La Tuille la conosco bene; essendo di Milano, in Val D'Aosta ho cominciato a sciare, tanti anni fa, haimé. Poi però l'ho abbastanza abbandonata, per evitare il sovraffolamento che c'è di solito nei fine settimana. Ci faccio un paio di puntate all'anno, in genere a fine stagione e in giorni infrasettimanali per evitare il caos del sabato e domenica.

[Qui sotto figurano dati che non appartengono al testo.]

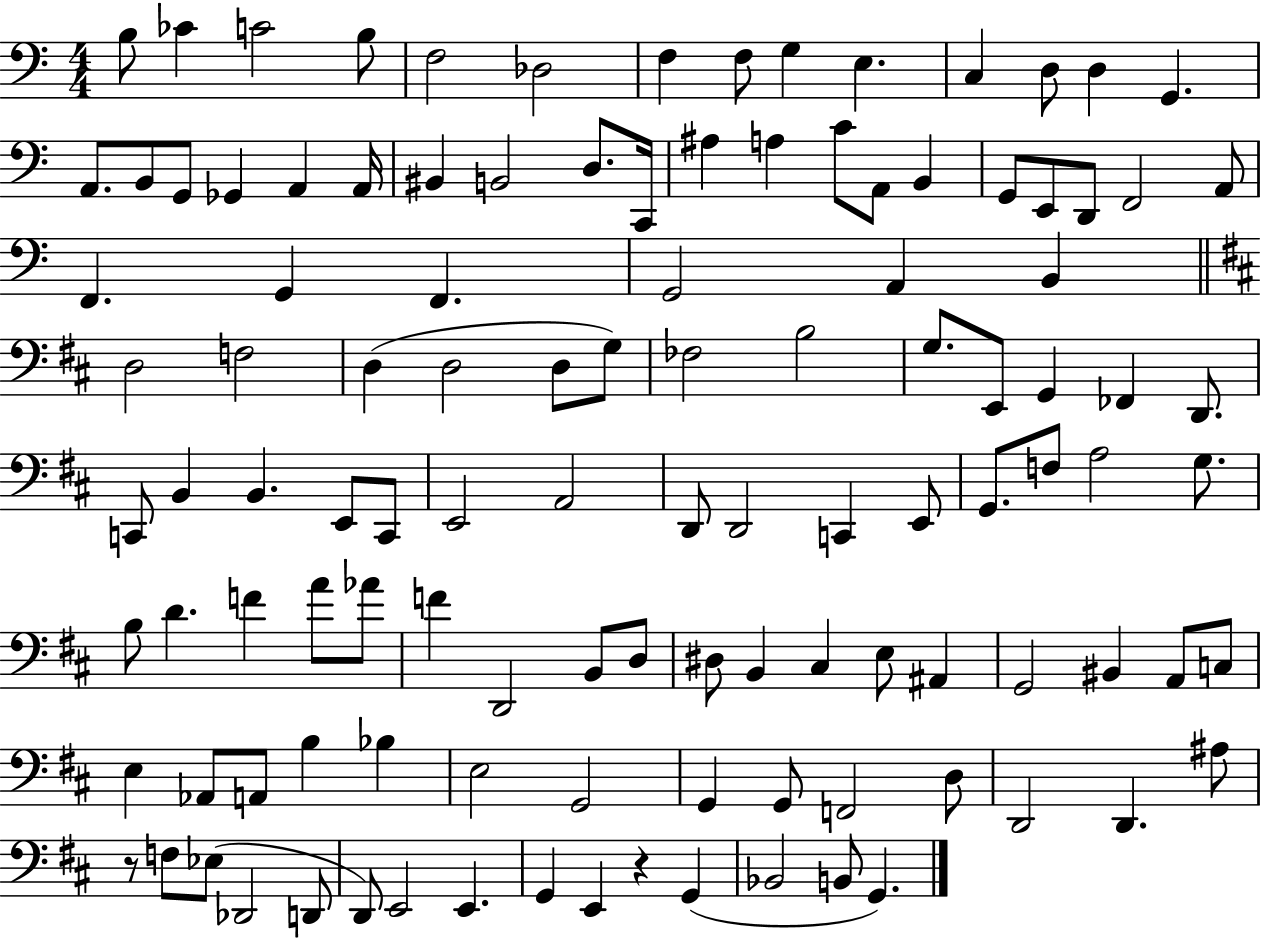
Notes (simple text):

B3/e CES4/q C4/h B3/e F3/h Db3/h F3/q F3/e G3/q E3/q. C3/q D3/e D3/q G2/q. A2/e. B2/e G2/e Gb2/q A2/q A2/s BIS2/q B2/h D3/e. C2/s A#3/q A3/q C4/e A2/e B2/q G2/e E2/e D2/e F2/h A2/e F2/q. G2/q F2/q. G2/h A2/q B2/q D3/h F3/h D3/q D3/h D3/e G3/e FES3/h B3/h G3/e. E2/e G2/q FES2/q D2/e. C2/e B2/q B2/q. E2/e C2/e E2/h A2/h D2/e D2/h C2/q E2/e G2/e. F3/e A3/h G3/e. B3/e D4/q. F4/q A4/e Ab4/e F4/q D2/h B2/e D3/e D#3/e B2/q C#3/q E3/e A#2/q G2/h BIS2/q A2/e C3/e E3/q Ab2/e A2/e B3/q Bb3/q E3/h G2/h G2/q G2/e F2/h D3/e D2/h D2/q. A#3/e R/e F3/e Eb3/e Db2/h D2/e D2/e E2/h E2/q. G2/q E2/q R/q G2/q Bb2/h B2/e G2/q. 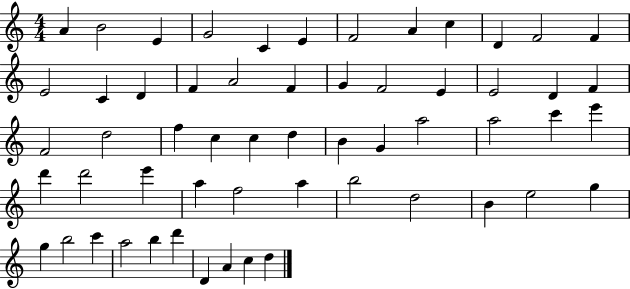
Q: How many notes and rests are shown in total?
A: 57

Purtroppo invece non sono mai stato in Francia, solo un settimana a Le 2 Alpes d'estate (ma le settimane estive non fanno molto testo) e una volta a l'Alpes Duez. Sinceramente preferisco le Dolomiti, ma non per questo disprezzo gli altri posti. Soprattutto sono attirato dalla Val D'Isere e le Trois Vallé. E' un problema di budget, però, perchè un we lì, costa come fare una settimana intera in Italia. In più, da Milano ci vuole minimo mezza giornata per raggiungerle.

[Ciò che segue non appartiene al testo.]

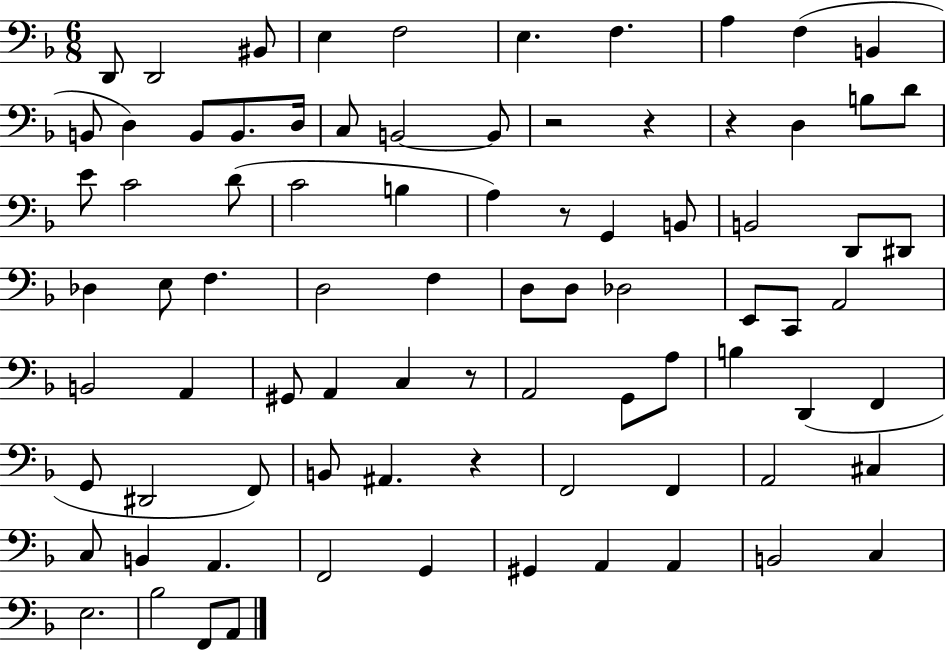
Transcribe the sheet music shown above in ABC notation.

X:1
T:Untitled
M:6/8
L:1/4
K:F
D,,/2 D,,2 ^B,,/2 E, F,2 E, F, A, F, B,, B,,/2 D, B,,/2 B,,/2 D,/4 C,/2 B,,2 B,,/2 z2 z z D, B,/2 D/2 E/2 C2 D/2 C2 B, A, z/2 G,, B,,/2 B,,2 D,,/2 ^D,,/2 _D, E,/2 F, D,2 F, D,/2 D,/2 _D,2 E,,/2 C,,/2 A,,2 B,,2 A,, ^G,,/2 A,, C, z/2 A,,2 G,,/2 A,/2 B, D,, F,, G,,/2 ^D,,2 F,,/2 B,,/2 ^A,, z F,,2 F,, A,,2 ^C, C,/2 B,, A,, F,,2 G,, ^G,, A,, A,, B,,2 C, E,2 _B,2 F,,/2 A,,/2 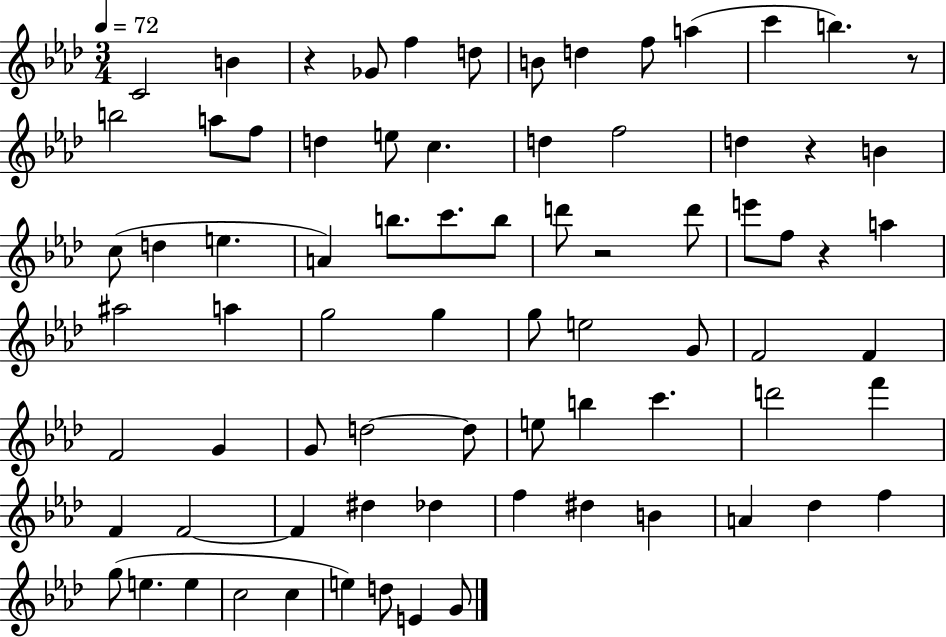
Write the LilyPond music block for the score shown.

{
  \clef treble
  \numericTimeSignature
  \time 3/4
  \key aes \major
  \tempo 4 = 72
  \repeat volta 2 { c'2 b'4 | r4 ges'8 f''4 d''8 | b'8 d''4 f''8 a''4( | c'''4 b''4.) r8 | \break b''2 a''8 f''8 | d''4 e''8 c''4. | d''4 f''2 | d''4 r4 b'4 | \break c''8( d''4 e''4. | a'4) b''8. c'''8. b''8 | d'''8 r2 d'''8 | e'''8 f''8 r4 a''4 | \break ais''2 a''4 | g''2 g''4 | g''8 e''2 g'8 | f'2 f'4 | \break f'2 g'4 | g'8 d''2~~ d''8 | e''8 b''4 c'''4. | d'''2 f'''4 | \break f'4 f'2~~ | f'4 dis''4 des''4 | f''4 dis''4 b'4 | a'4 des''4 f''4 | \break g''8( e''4. e''4 | c''2 c''4 | e''4) d''8 e'4 g'8 | } \bar "|."
}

Per quanto riguarda il Plan è un discorso vecchio e più volte discusso in questo forum: c'è chi lo ama e chi lo odia. Io sono a metà strada: non mi dispiace, ma non lo mitizzo; lo sfrutto perchè è comodo da raggiugere, evito accuratamente i periodi di punta e non faccio mai più di 3 - 4 gg per volta. Inoltre conosco un alberghetto, in cui vado da anni, dove con 50 euro al giorno fai mezza pensione, ti accolgono come un vecchio amico, e ti trattano da re. Se poi aggiungi che piace alla consorte... ti ho detto tutto.

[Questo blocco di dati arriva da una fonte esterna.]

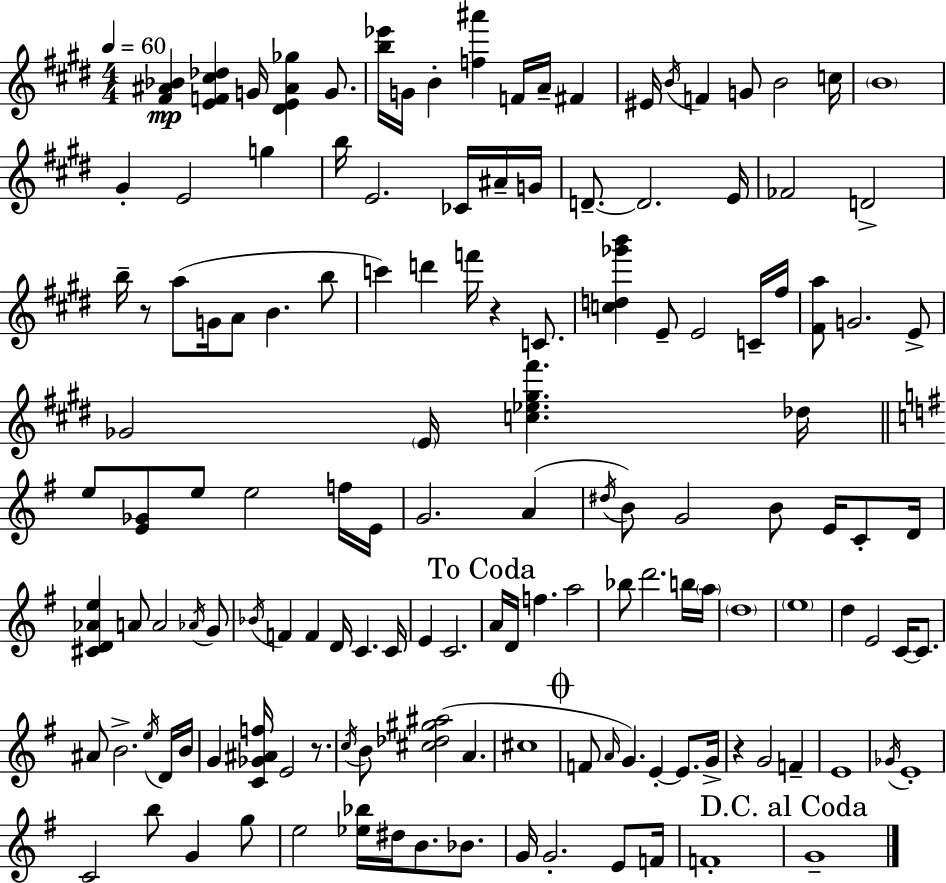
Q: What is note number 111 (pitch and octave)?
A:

Per il resto, quando parlo di piste, beh io non sono un patito delle nere. Le faccio, qualcuna mi piace, come la Gran Risa e la Hernegg, qualcuna mi lascia indifferente e non sono il tipo che va apposta in un posto per fare la tal pista, solo perchè è nera. La Silvester mi dice abbastanza poco, così come, ad esempio, la Sasslonch non mi è mai piaciuta in modo particolare. Mi piacciono di più i pistoni rossi e larghi, meglio se vari e con tratti nei boschi. La mia pista preferita in assoluto, per darti un termine di paragone che sicuramente conoscerai, è la CIR in Val Gardena, lunga e larga il giusto e varia dall'inizio alla fine. Poi però, come sempre, tutto cambia in funzione della neve e del tempo.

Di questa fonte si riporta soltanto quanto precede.